Quick, brutal reminder on the streets of Belfast

September 03, 1994|By New York Times News Service

BELFAST, Northern Ireland -- It was a killing like hundreds of others over the past 25 years in Northern Ireland: A group of gunmen approached a man repairing a car on a Belfast street, shot him dead and fled.

The victim was Roman Catholic; the killers were suspected members of the Ulster Freedom Fighters, an avowedly Protestant paramilitary group.

But for politicians and church leaders here, the bluntly sectarian killing Thursday -- the first blood spilled since the Irish Republican Army declared its unilateral cease-fire 24 hours earlier -- was less a shock than a coldblooded reminder of how distant any real or lasting peace is in the divided province.

Still, in a vote of confidence and an expression of hope that peace will hold, President Clinton promised yesterday to increase U.S. aid greatly both to Ireland and to Northern Ireland.

Gerry Adams, the head of Sinn Fein, the political arm of the IRA, vowed yesterday that the IRA would not be provoked into breaking its commitment to its cease-fire.

But the leaders of the province's militant Protestant paramilitaries have said nothing about their own long-term intentions to either abide by the truce or step up the violence against Catholic and Republican targets.

"There is, among these men, a lot of apprehension and uncertainty, and I don't believe they know themselves yet what they will do," said the Rev. Roy McGhee, a Presbyterian pastor who keeps lines of communication open to the secretive Protestant paramilitary groups that have grown in both size and menace in recent years.

The one thing that is certain, he said, is that whenever the Loyalist community feels its back is against the wall, the rosters of the outlawed militant organizations swell.

According to police estimates, the Ulster Freedom Fighters, which took responsibility for the killing Thursday, has a hard-core membership of about 500 to 600 and the rival Ulster Volunteer Force has about 350 to 500 members.

Northern Ireland's majority Protestants are feeling very much on the defensive these days.

While only the smallest and most militant minority of the Protestant population favors a resort to violence, there is at nearly every level a palpable suspicion and fear, a growing conviction that the IRA cease-fire is the latest step in some much larger, undefined conspiracy directed at loosening Ulster's ties to London.

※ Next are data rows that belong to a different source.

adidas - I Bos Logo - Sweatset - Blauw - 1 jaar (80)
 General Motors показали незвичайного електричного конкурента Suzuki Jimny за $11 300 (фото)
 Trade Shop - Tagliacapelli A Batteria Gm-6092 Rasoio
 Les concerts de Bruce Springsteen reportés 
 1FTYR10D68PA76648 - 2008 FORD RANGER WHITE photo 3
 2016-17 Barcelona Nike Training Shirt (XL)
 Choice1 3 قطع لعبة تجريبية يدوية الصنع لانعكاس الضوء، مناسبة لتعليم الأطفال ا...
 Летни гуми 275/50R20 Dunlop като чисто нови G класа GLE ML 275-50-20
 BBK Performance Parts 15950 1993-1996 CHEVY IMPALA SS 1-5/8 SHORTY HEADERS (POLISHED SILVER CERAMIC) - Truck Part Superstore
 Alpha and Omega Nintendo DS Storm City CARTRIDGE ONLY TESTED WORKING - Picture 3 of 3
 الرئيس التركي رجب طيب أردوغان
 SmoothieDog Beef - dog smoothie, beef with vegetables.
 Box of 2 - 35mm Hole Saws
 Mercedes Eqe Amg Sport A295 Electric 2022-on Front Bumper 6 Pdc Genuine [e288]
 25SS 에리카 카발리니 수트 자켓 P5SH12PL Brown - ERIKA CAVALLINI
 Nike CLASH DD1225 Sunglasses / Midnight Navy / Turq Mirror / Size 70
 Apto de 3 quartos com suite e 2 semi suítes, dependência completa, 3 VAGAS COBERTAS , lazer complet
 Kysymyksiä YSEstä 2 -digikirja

In this view, it is Ulster against what they call the pan-Irish republican movement, from the IRA and the Irish-American lobby to the Dublin politicians, each of them abetted by a weak and duplicitous British government that wouldn't mind shedding the enormous cost -- about $5.1 billion this year alone, twice what it was in 1989 -- of keeping the troubled province afloat.

"I am a British subject, not an Irish one," said Jean Arbuthot, TC 48-year-old woman taking her grandson for a walk in the Shankill yesterday. "I say we have been betrayed by London. Why else would the IRA have called a cease-fire?"

Even as the British government insists there will be no constitutional change in Northern Ireland without the consent of the majority of people who live there, the militant Protestants see fresh signs of double-dealing, like London's grudging acknowledgment last year, after repeated and persistent denials, that it had engaged in secret talks with the IRA.

Thursday, their ire was raised again by reports that four Republican prisoners convicted of terrorist offenses had been suddenly moved from jails in England to Northern Ireland, to be closer to home. The British said no deal was made; the Loyalists don't believe it.

And in a poll published yesterday by the Belfast Telegraph and reported by the Associated Press, only 30 percent of those questioned -- and just 9 percent of Protestants -- thought the cease-fire would hold. The margin of error for the poll was not given.